Related programming at the Michener during Anila Quayyum Agha: Interwoven is designed for deeper  engagement with the rich themes of the exhibition. Regular mindfulness and yoga sessions in the gallery  spaces will be held through January, along with textile-based workshops and gallery tours. The Putman Arts  Leader Lecture Series on Thursday, October 16 will host Agha as the guest speaker for “Interwoven  Legacies: Women, Spirituality, and the Art of Anila Agha.” 

“Michener Art Museum is honored to introduce visitors to the artwork of Anila Quayyum Agha, and to the  artist herself,” said Executive Director Anne Corso. “Interwoven perfectly aligns with the Museum’s  dedication to showcasing American Art and celebrating contemporary craft, but with a uniquely global  perspective.”

Anila Quayyum Agha: Interwoven is organized by The Westmoreland Museum of American Art. The  exhibition is curated by Jeremiah William McCarthy. Presentation of the exhibition at the Michener Art  Museum is coordinated by Gerry and Marguerite Lenfest Chief Curator Laura Turner Igoe and Director of Exhibitions Joshua Lessard.

Anila Quayyum Agha: Interwoven is made possible by generous support from the Henry Luce Foundation,  the Terra Foundation for American Art, the Hillman Foundation, the Heinz Endowments, the National  Endowment for the Arts, and The Fine Foundation.

Major support for Anila Quayyum Agha: Interwoven at the Michener Art Museum is provided by Richard C.  von Hess Foundation, Tim Griffith and Anne Corso, Alex and Pat Gorsky, Jim McKinney, Bucks County  Tourism Grant Program, and Coby Foundation, Ltd., with additional support from Bucks County Foundation.

About the Artist: 

Anila Quayyum Agha is internationally recognized for her award-winning large-scale installations that use  light, shadow, and pattern to create inclusive shared experiences. She holds a BFA from the National  College of Art, Lahore, Pakistan, and an MFA from the University of North Texas, Denton. She is a Morris Eminent Scholar of Art, Augusta University, and was previously Associate Professor in Drawing at the  Herron School of Art and Design, Indiana University–Purdue University Indianapolis. Major awards include  the Joan Mitchell Foundation Painters & Sculptors Grant (2019) and the Smithsonian Artist Research  Fellowship (2021). 

 

Agha’s work is in the collections of Amon Carter Museum of American Art, Fort Worth, TX; Chrysler  Museum of Art, Norfolk, VA; Cincinnati Art Museum, OH; Columbia Museum of Art, SC; Eskenazi Museum  of Art, Bloomington, IN; Grand Rapids Art Museum, MI; Kiran Nader Art Museum, Delhi, India; Kunsthaus  Zurich, Zurich, Switzerland; Peabody Essex Museum, Salem, MA; University of New Mexico Art Museum,  Albuquerque, NM; The Westmoreland Museum of American Art, Greensburg, PA; among many others. Her  2013 installation, Intersections, was the first time in ArtPrize history that winner of the Grand Rapids, MI.,  competition was awarded both the Public Vote Grand Prize and split the Juried Grand Prize. For the 2019  Venice Biennial, Agha was included in a collateral event, She Persists, with 22 contemporary feminist artists.  Agha received an NEA grant to support a 2024 traveling retrospective at the Westmoreland Museum of  American Art in Greensburg, PA. She is represented by Sundaram Tagore Gallery, NY.

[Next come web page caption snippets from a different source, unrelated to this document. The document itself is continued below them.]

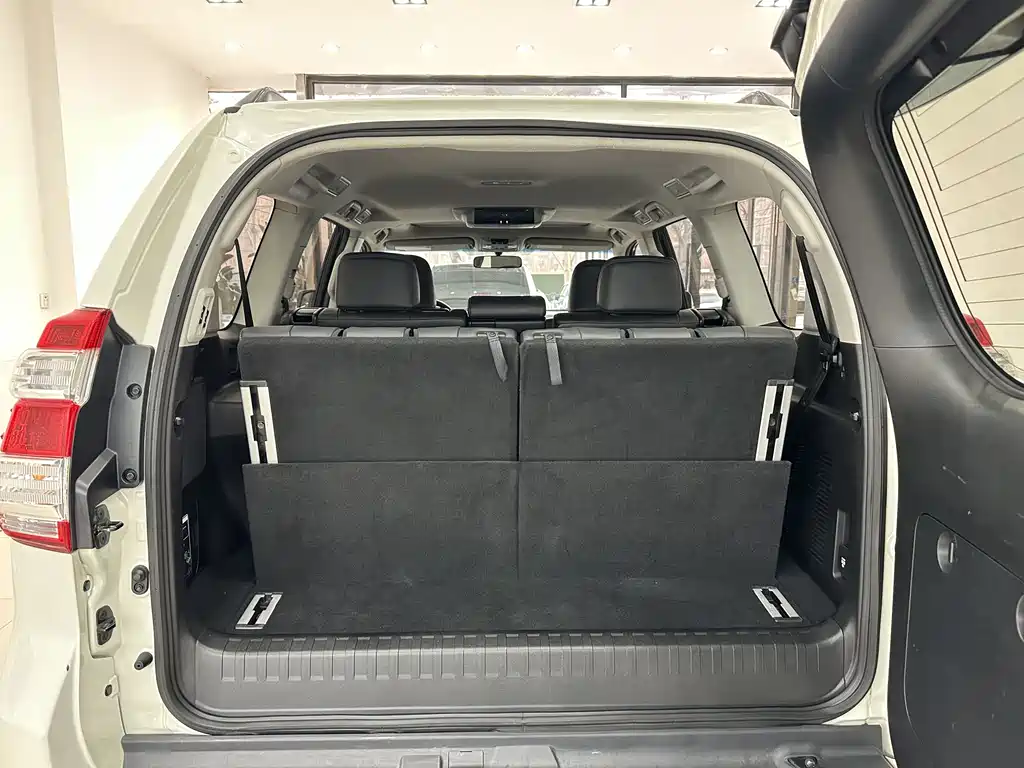 Toyota Prado 2017 — фото 32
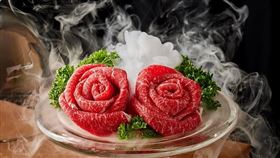 嚮辣3月端女王限定和牛玫瑰花獻禮。（圖／品牌業者提供）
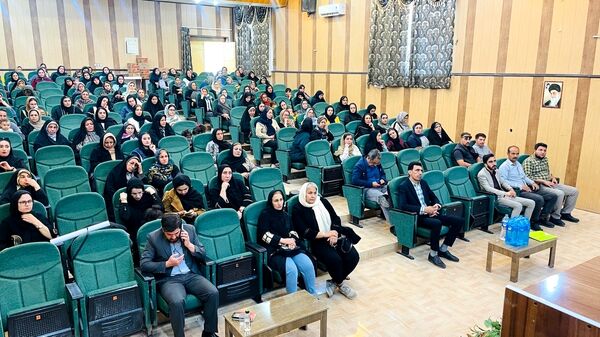 برگزاری جلسه انجمن اولیاء و مربیان دبستان معلم 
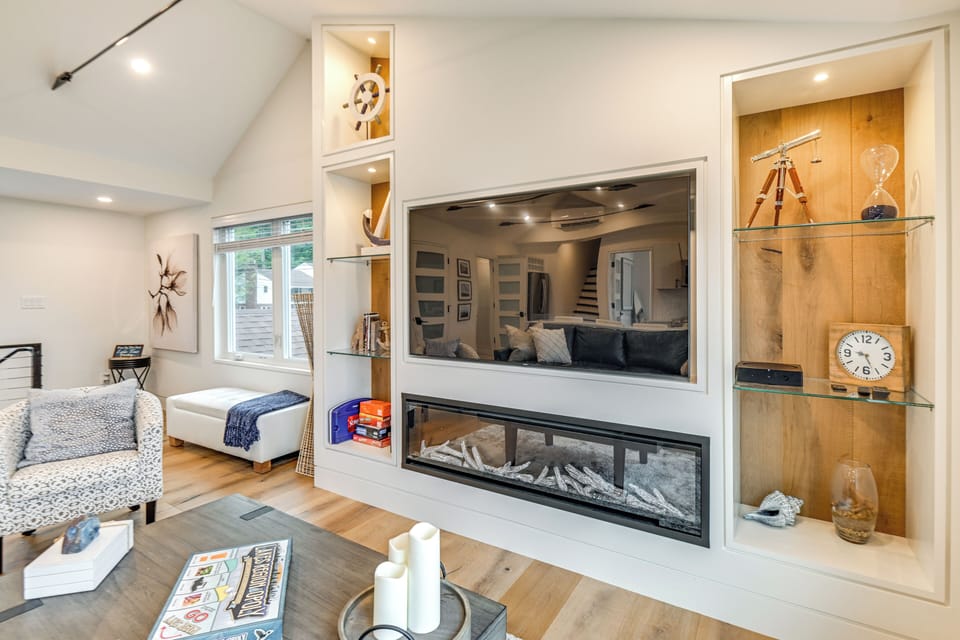 Living Room | Free WiFi | Electric Fireplace | Queen Sleeper Sofa | 1st Floor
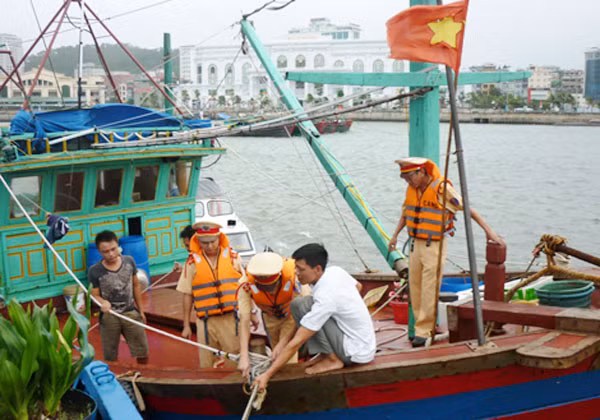 CSGT đường thủy, Công an tỉnh Quảng Ninh hướng dẫn chủ tàu cách neo đậu an toàn trước những cơn gió giật mạnh.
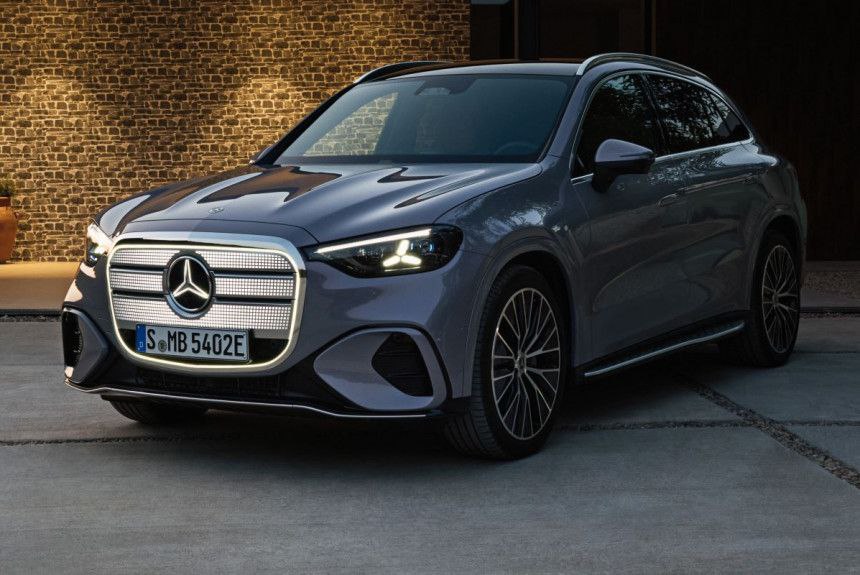 Новый электрический Mercedes Benz GLC замена для EQC Одновременно с кроссовером BMW iX3 на выставке IAA в Мюнхене дебютировал и его главный конкурент электромобиль с длинным официальным названием Mercedes Benz GLC with EQ Technology Фактически это наследник модели EQC которая оказалась настолько провальной что была снята с производства еще в 2023 году то есть всего через четыре года после старта не дождавшись даже рестайлинга Новому электрическому кроссоверу Mercedes Benz достался привычный индекс GLC пусть и с приставкой EQ Technology хотя с одноименной топливной моделью он не имеет ничего общего а в производственной программе два разных Мерседеса GLC будут существовать параллельно Подробности autoreview ru news novyy elektricheskiy mercedes benz glc zamena dlya eqc автоновости мерседес mercedes Авторевю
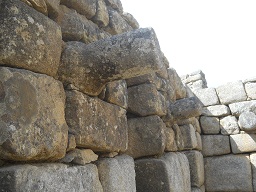 Machu Picchu, Spiegel- oder M�rsertempel, Nahaufnahmen der Mauervorspr�nge 02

About Michener Art Museum:

Website: michenerartmuseum.org

Address: 138 S. Pine Street, Doylestown PA 18901

Hours: Wednesdays–Sundays, 10 a.m.–5 p.m. Admission is free on the second Sunday of the month with support from Art Bridges Foundation.

Michener Art Museum in Doylestown is dedicated to preserving, interpreting, and exhibiting the art and cultural heritage of the Bucks County region. Home to the largest public collection of Pennsylvania Impressionist paintings and known for studio craft, the Michener is named for Doylestown’s most famous son James A. Michener, a Pulitzer Prize-winning writer who first dreamed of a regional art museum in the early 1960s. The Museum was originally home to the 19th-century Bucks County Prison and is surrounded by the historic stone prison walls which are part of the Patricia D. Pfundt Sculpture Garden, terraces, and a landscaped courtyard. Michener Art Museum features nationally touring special exhibitions, work from regional artists in distinctive galleries, and the quiet and serene Nakashima Reading Room.